> _Given data_:

BEGIN

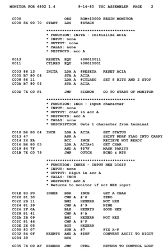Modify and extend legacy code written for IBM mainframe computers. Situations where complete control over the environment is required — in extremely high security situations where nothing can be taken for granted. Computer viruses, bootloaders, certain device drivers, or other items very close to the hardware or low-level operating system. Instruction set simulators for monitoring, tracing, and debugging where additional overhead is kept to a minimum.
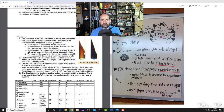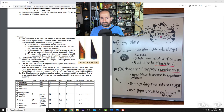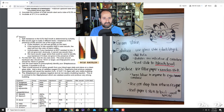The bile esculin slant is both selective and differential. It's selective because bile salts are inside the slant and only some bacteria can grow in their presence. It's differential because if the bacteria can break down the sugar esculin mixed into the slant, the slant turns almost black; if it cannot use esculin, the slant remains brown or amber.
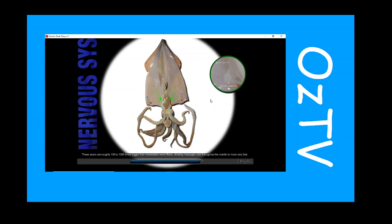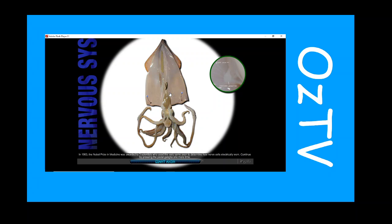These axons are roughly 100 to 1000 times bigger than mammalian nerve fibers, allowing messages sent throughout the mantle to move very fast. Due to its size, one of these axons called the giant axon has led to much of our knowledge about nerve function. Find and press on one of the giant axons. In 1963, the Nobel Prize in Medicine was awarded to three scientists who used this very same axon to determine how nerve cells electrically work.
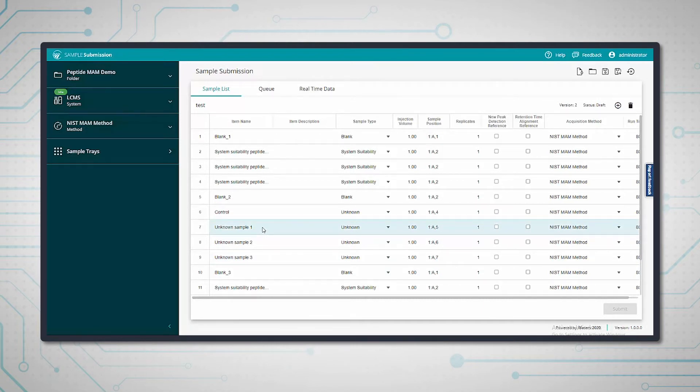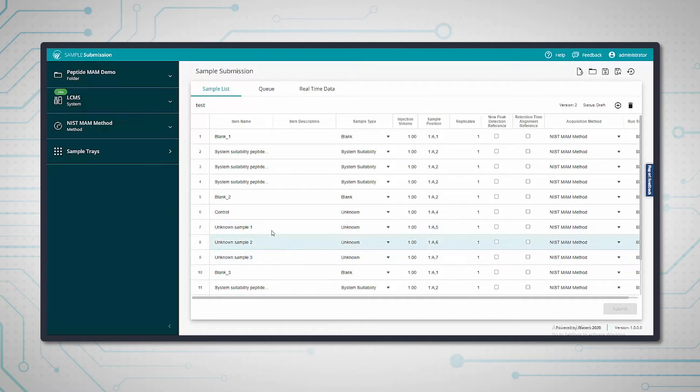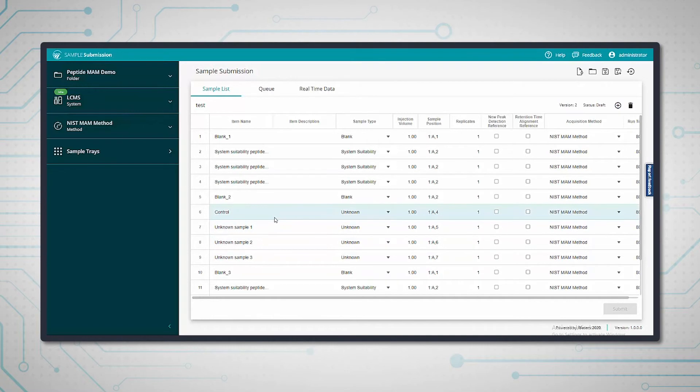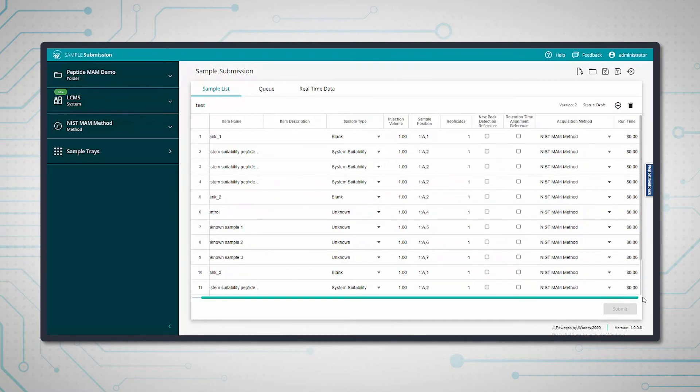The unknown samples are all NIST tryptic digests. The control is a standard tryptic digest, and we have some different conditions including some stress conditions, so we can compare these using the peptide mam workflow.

END

> _Work request_: Please print everything in the material exactly, apart from the pictures.

> _Answer space_:
Modify and extend legacy code written for IBM mainframe computers. Situations where complete control over the environment is required — in extremely high security situations where nothing can be taken for granted. Computer viruses, bootloaders, certain device drivers, or other items very close to the hardware or low-level operating system. Instruction set simulators for monitoring, tracing, and debugging where additional overhead is kept to a minimum.
The bile esculin slant is both selective and differential. It's selective because bile salts are inside the slant and only some bacteria can grow in their presence. It's differential because if the bacteria can break down the sugar esculin mixed into the slant, the slant turns almost black; if it cannot use esculin, the slant remains brown or amber.
These axons are roughly 100 to 1000 times bigger than mammalian nerve fibers, allowing messages sent throughout the mantle to move very fast. Due to its size, one of these axons called the giant axon has led to much of our knowledge about nerve function. Find and press on one of the giant axons. In 1963, the Nobel Prize in Medicine was awarded to three scientists who used this very same axon to determine how nerve cells electrically work.
The unknown samples are all NIST tryptic digests. The control is a standard tryptic digest, and we have some different conditions including some stress conditions, so we can compare these using the peptide mam workflow.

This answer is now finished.